> _EXERCISE REQUIREMENTS_: Begin at the line that has "JEE Main 2024", stop after the line that has "Bluetooth 5.4 Kablosuz", and print exactly those lines from the records below, without any pictures.

> _RECORDS TO PROCESS_:
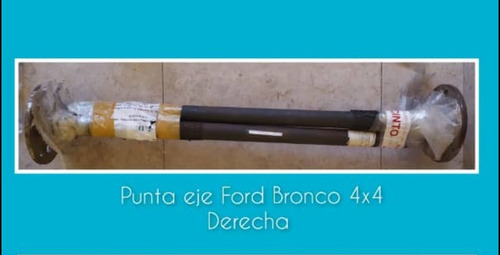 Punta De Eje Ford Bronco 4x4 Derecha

--

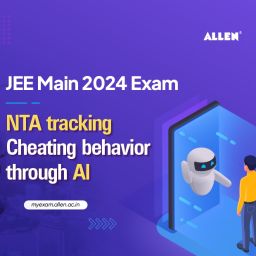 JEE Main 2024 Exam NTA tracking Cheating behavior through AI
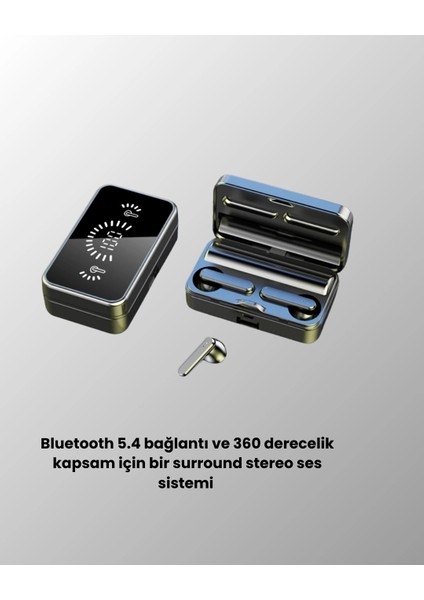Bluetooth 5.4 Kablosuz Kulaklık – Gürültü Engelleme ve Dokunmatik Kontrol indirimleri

> _REPLY_:
 JEE Main 2024 Exam NTA tracking Cheating behavior through AI
Bluetooth 5.4 Kablosuz Kulaklık – Gürültü Engelleme ve Dokunmatik Kontrol indirimleri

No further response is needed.